- Traditional Chinese: 杜夔
- Simplified Chinese: 杜夔

Standard Mandarin
- Hanyu Pinyin: Dù Kuí
- Wade–Giles: Tu K'uei

Gongliang (courtesy name)
- Chinese: 公良

Standard Mandarin
- Hanyu Pinyin: Gōngliáng
- Wade–Giles: Kung-liang

= Du Kui =

Chinese musician and official to warlord Liu Biao

Du Kui ( 180–225), courtesy name Gongliang, was a musician and official who served under the warlord Liu Biao in the late Eastern Han dynasty of China. He served in the state of Cao Wei during the Three Kingdoms period.

==Life==
Du Kui attempted to stop Liu Biao from performing imperial music in his own court. He was proficient in tuning the bells and other musical instruments expertise, but not in arrangement of dances and singing. With help from other court specialists, he researched old musical practices and texts and gained credit for "starting restoration of the ancient music" (yayue).

While in the service of the warlord Cao Cao, Du Kui got into an argument with Chai Yu (柴玉), a bell-caster.

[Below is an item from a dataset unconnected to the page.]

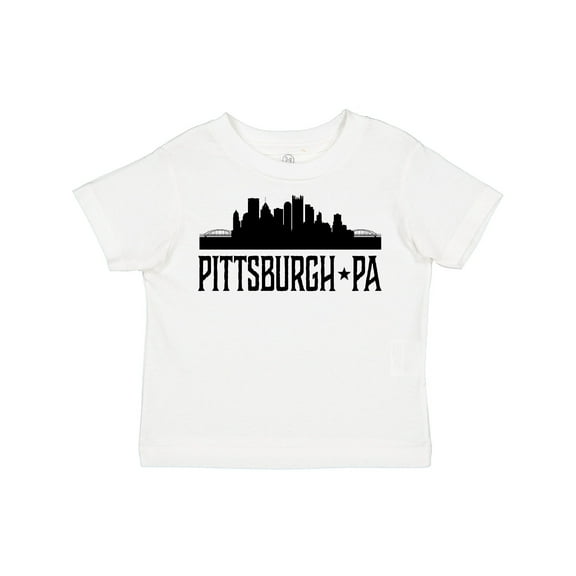 Inktastic Pittsburgh Pennsylvania City Skyline Boys or Girls Toddler T-Shirt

He had forced Chai Yu to recast the bell set several times for the lack of regular pitch.

Cao Cao's successor, Cao Pi, favoured Chai Yu. Under the pretext of Du Kui's discomfort with court music for entertainment (mouth organ and zithers), Cao Pi had him dismissed. Du Kui died soon afterwards.

==Legacy==
Liu Xie (465–522) praised Du Kui, along with Fu Xuan (217-278) and Zhang Hua (232–300), for "correcting Caos' mistakes" (wenxin diaolong). A Song dynasty treatise by Zhu Changwen mentioned that Du Kui had a son, Du Meng (杜孟). The information is nowhere corroborated.

Du Kui's apprentice, Chen Qi (陳頎; or Chen Hang 陳頏), was a mentor to Xun Xu (died 289), the leading court musician under Emperor Wu of the Jin dynasty.